When most people think about using a hot tub they think about relaxation and comfort. Choosing a location that provides comfort and relaxation should therefore be at the top of your mind. If your hot tub is easily overlooked by all your neighbors, you might not be able to relax very easily or feel very comfortable. A bit of privacy goes a long way when it comes to a hot tub. You’ll also want to consider the weather patterns of your location. If it’s exposed to strong gusts of wind, it may make the hot tub experience less comfortable. Southern exposures work well for colder climates, but constant exposure to the sun may be uncomfortable in a hot and sunny climate. If you have access to one, having a nice view is always an added bonus. Think about your sightlines when choosing your hot tub’s ideal location.

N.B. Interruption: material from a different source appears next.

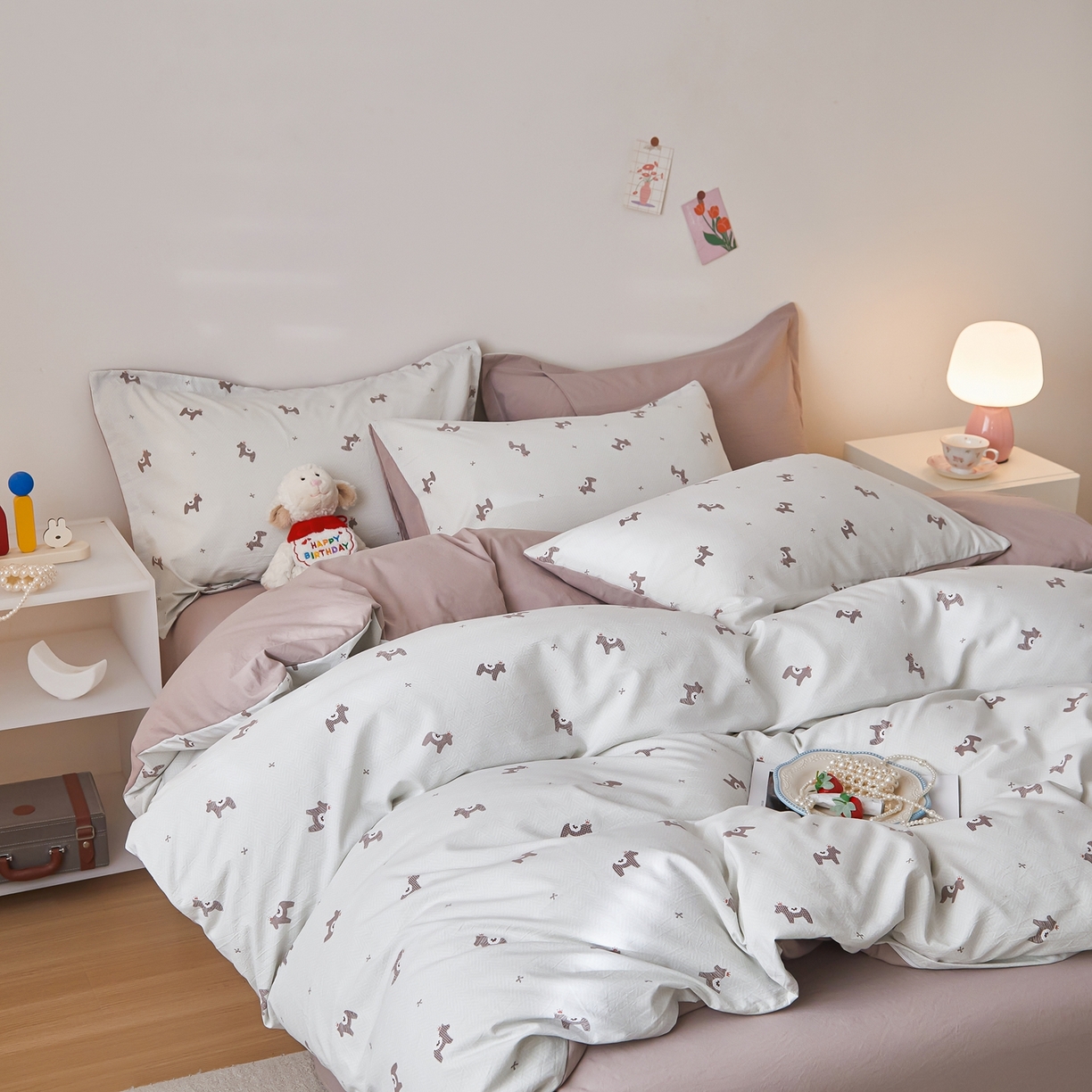 91家纺网 家纺一手货源 找家纺 梦纤绒 2026新款香云锦仿棉高克重四件套 小马格韵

Your hot tub will obviously require water and electricity. Having easy access to these utilities will make your life as a hot tub owner easier. Hot tubs will require a certified and licensed electrician the professional installation of 220 volt GFCI protected circuit. Keep in mind that the farther this outlet is from your circuit box, the more expensive the installation will be. You’ll also want the area around the hot tub to have good drainage while having easy access to a water source. You’ll need to drain and refill your tub around three or four times a year, so proper drainage is imperative, especially if you put the hot tub next to the house. Filling your hot tub with a garden hose will be much more preferable than carrying buckets of water from your kitchen or bathroom, so if a waterspout doesn’t already exist, you might want to consider installing one.